Lampung Selatan, sinarlampung.co – Pemerintah Provinsi Lampung kembali menertibkan dan mengosongkan lahan aset miliknya di Desa Purwotani, Kecamatan Jati Agung, Lampung Selatan, Senin, 1 Desember 2025. Penertiban dilakukan Satpol PP Provinsi Lampung bersama tim lintas instansi untuk memastikan pengelolaan aset daerah tetap tertib dan sesuai aturan.
Lahan yang ditertibkan seluas 160.000 meter persegi dan tercatat sebagai aset strategis Pemprov Lampung berdasarkan Sertifikat Hak Pakai Nomor 00001 tanggal 29 Desember 2017.
Kegiatan pengosongan dilakukan mengacu pada berbagai regulasi, mulai dari UU Nomor 23 Tahun 2014, PP Nomor 16 Tahun 2018, Permendagri Nomor 16 Tahun 2023, Perda Provinsi Lampung Nomor 3 Tahun 2021, hingga Pergub Nomor 10 Tahun 2025.
Kepala Bidang Peraturan Perundang-undangan Daerah Satpol PP Lampung, Dr. Lakoni Ahmad, menegaskan bahwa seluruh proses penertiban telah ditempuh sesuai prosedur.
“Semua administrasi sudah ditempuh sesuai aturan. Hari ini kita melaksanakan pengosongan berdasarkan perintah perundang-undangan,” ujar Lakoni.
Ia menjelaskan, sebelum eksekusi dilakukan, pemerintah sudah empat kali mengirimkan pemberitahuan resmi kepada masyarakat atau pihak yang menempati lahan, mulai 2 Oktober hingga 27 November 2025.

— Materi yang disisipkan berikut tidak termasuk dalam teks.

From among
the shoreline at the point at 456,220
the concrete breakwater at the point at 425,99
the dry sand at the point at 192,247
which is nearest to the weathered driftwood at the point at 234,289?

Dalam proses di lapangan, muncul dua kelompok yang mengaku sebagai penggarap. Kelompok pertama dipimpin Riyanto dan meminta waktu tambahan hingga 2 Desember 2025. Permintaan itu telah diberikan toleransi oleh tim. Sementara kelompok kedua yang dipimpin seorang warga bernama Tini tidak dapat menunjukkan dokumen administratif maupun surat kuasa.

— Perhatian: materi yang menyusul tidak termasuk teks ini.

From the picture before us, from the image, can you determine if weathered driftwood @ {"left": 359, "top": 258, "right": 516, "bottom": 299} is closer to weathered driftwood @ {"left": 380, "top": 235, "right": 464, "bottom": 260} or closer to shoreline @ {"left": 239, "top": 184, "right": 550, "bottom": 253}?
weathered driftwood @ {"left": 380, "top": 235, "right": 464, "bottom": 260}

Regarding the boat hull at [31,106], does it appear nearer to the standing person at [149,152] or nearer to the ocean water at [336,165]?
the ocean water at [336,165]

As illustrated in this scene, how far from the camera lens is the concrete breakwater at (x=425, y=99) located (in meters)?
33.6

“Karena tidak ada dasar administrasi, kami tidak bisa mengakomodasi permintaan untuk menghentikan kegiatan. Alat berat tetap kami perintahkan bekerja kembali setelah sempat dihentikan oleh yang bersangkutan,” tegas Lakoni.
Penertiban belum dapat dituntaskan hari ini lantaran keterbatasan alat operasional. Tim hanya dibantu satu unit buldoser mini dari Dinas Bina Marga. Pengosongan dijadwalkan berlanjut pada Selasa 2 Desember 2025.

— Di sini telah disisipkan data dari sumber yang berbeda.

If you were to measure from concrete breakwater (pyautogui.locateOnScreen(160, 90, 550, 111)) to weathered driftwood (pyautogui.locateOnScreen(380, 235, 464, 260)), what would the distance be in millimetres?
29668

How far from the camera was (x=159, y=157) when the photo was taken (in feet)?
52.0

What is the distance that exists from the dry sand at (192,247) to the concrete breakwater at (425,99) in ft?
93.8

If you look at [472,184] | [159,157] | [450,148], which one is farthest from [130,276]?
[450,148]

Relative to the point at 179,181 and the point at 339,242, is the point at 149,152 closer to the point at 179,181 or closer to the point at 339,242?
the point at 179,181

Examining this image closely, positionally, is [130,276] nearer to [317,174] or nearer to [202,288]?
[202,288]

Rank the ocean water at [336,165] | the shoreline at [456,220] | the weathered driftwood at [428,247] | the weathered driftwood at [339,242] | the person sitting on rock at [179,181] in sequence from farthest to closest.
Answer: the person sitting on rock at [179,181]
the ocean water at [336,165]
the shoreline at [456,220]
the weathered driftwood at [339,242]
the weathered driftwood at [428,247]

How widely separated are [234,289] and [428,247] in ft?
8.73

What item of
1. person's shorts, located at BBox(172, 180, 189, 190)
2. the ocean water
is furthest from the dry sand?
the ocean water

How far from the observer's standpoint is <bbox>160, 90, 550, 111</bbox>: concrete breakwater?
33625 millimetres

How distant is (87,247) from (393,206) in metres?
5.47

“Hari ini kita hanya dibantu satu unit buldoser mini dari Dinas Bina Marga. Besok kegiatan akan kita lanjutkan kembali agar pengosongan dapat selesai sepenuhnya,” tambahnya.
Sebelum turun ke lapangan, seluruh tim mengikuti apel yang dipimpin Kepala Dinas Sosial Lampung, Aswarodi. Pasukan gabungan terdiri dari Satpol PP Provinsi Lampung, Dinas Sosial, BPKAD, Dinas Bina Marga, Babinsa, serta Satgas Aset Daerah. Pengendalian teknis di lokasi berada langsung di bawah komando Lakoni Ahmad.
Penertiban ini menjadi bagian dari langkah Pemprov Lampung untuk menjaga agar aset strategis daerah dikelola secara tertib, sah, dan memberi manfaat bagi pembangunan maupun kepentingan masyarakat luas. (*)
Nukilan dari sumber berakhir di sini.